◆ **Source material**:
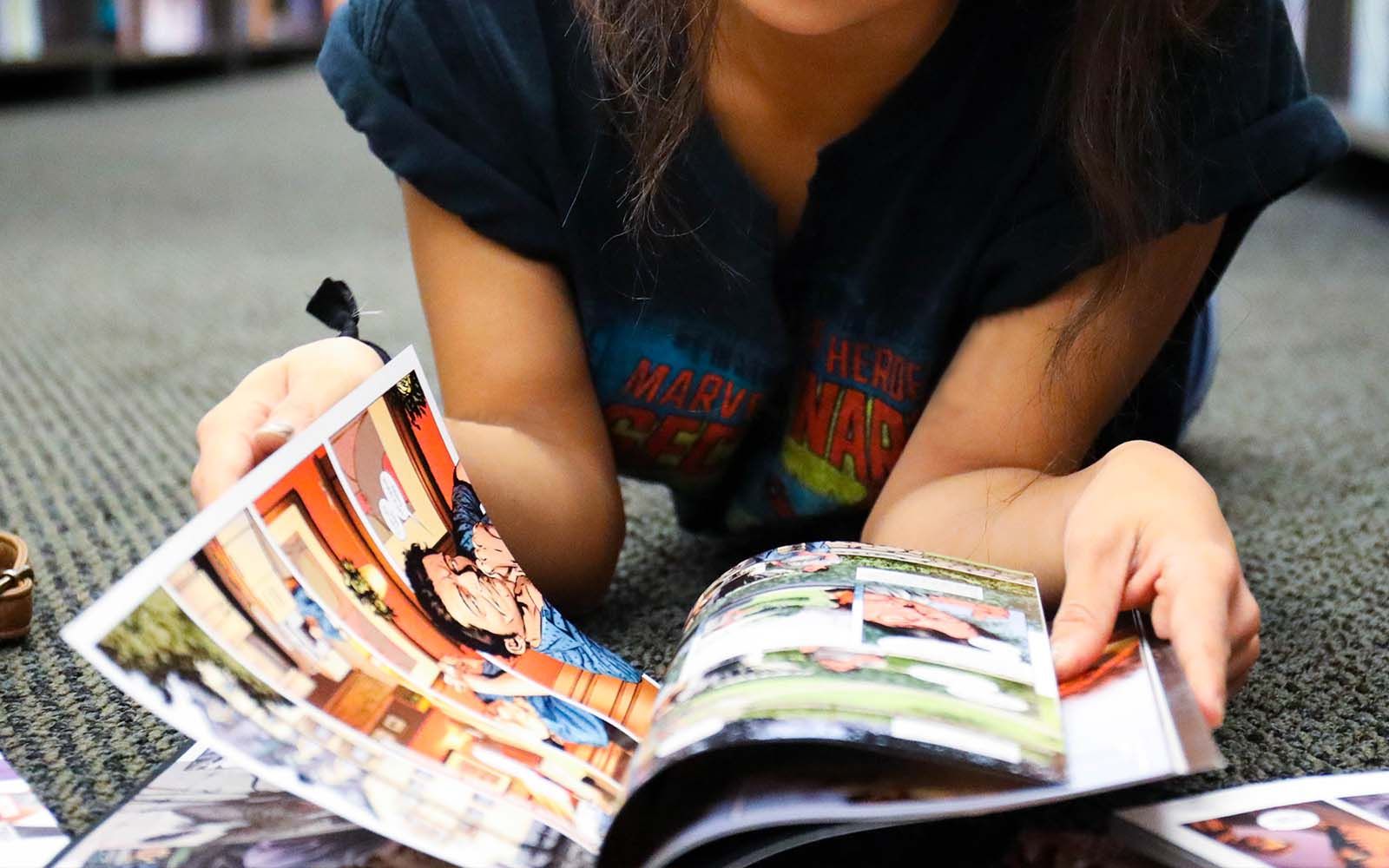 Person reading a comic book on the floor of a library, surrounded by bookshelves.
==
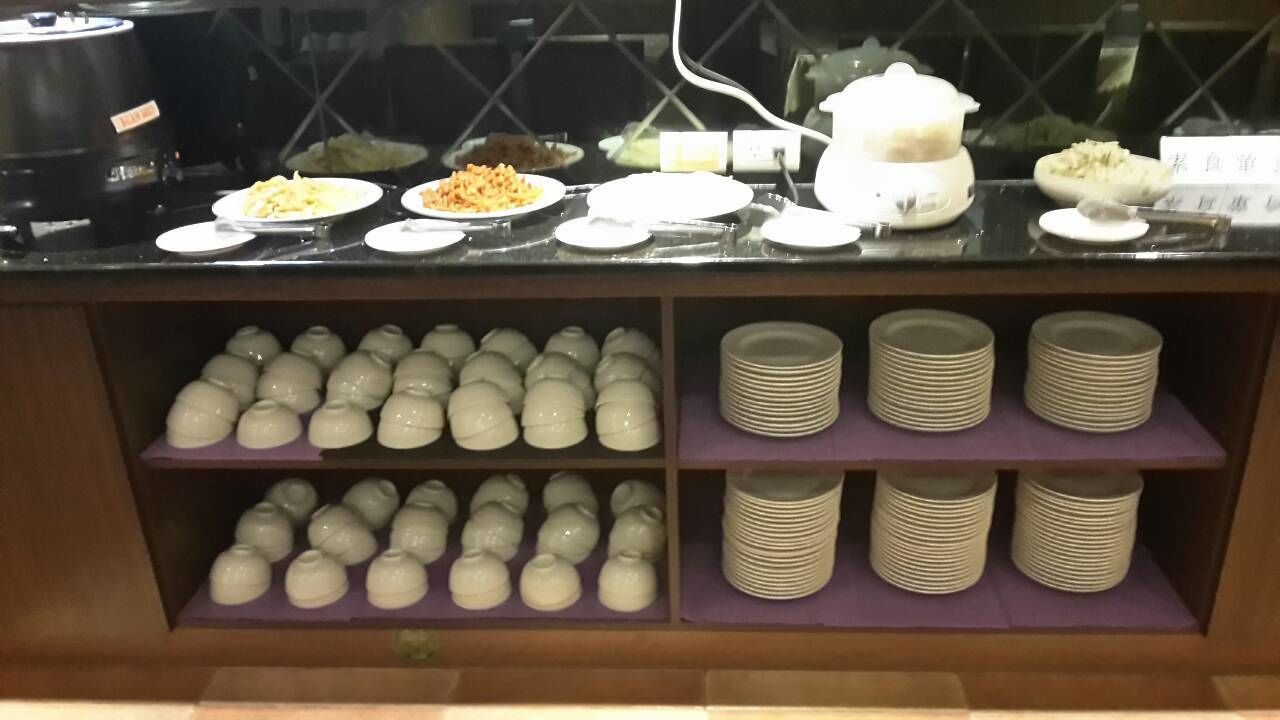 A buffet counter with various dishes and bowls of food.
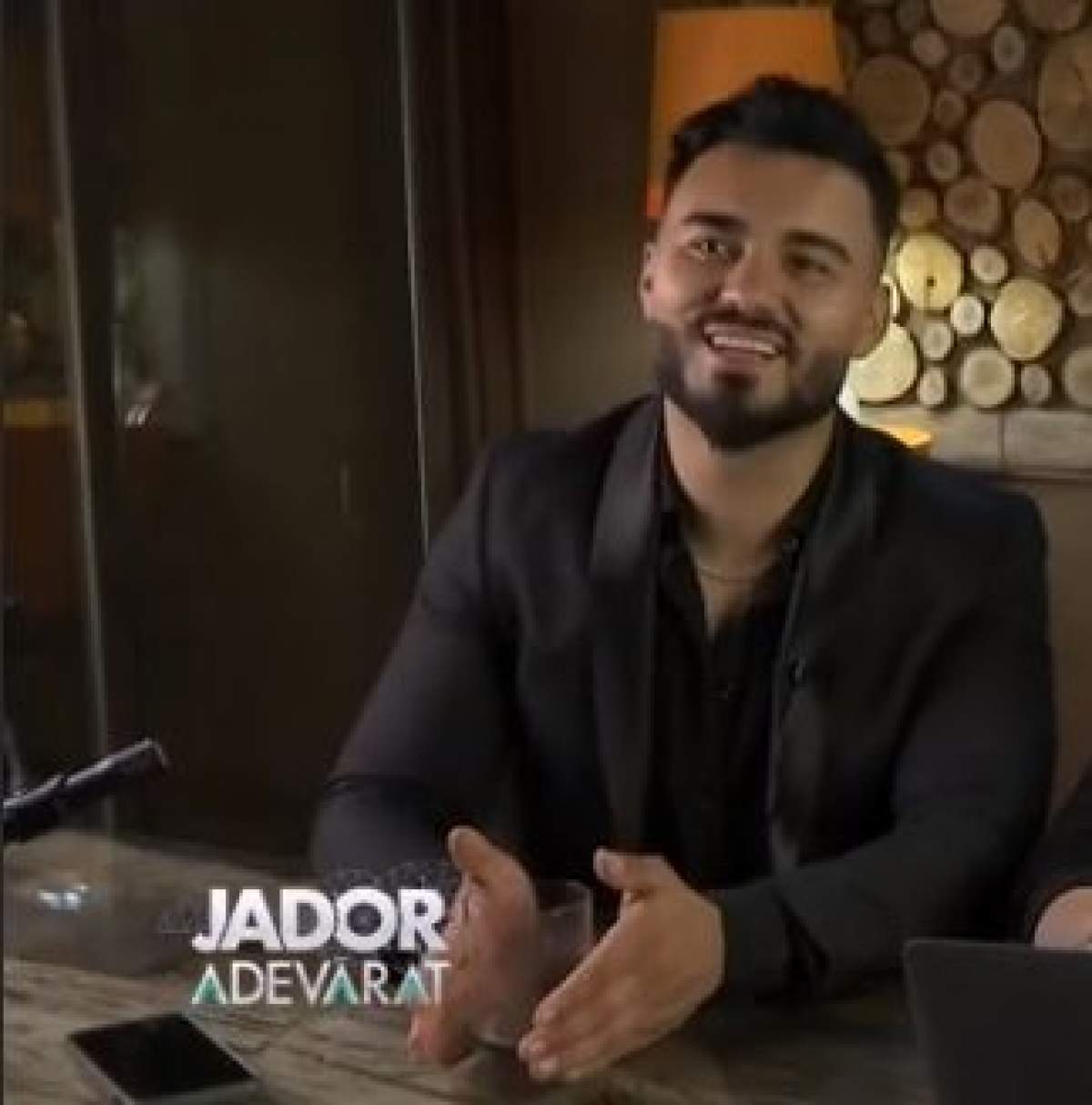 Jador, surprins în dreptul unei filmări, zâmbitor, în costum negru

◆ **Work instructions**: Reproduce the records above exactly, but only from the line with "A buffet counter" up to and including the line with "Jador, surprins în". Leave the pictures out.

◆ **Expected output**:
 A buffet counter with various dishes and bowls of food.
 Jador, surprins în dreptul unei filmări, zâmbitor, în costum negru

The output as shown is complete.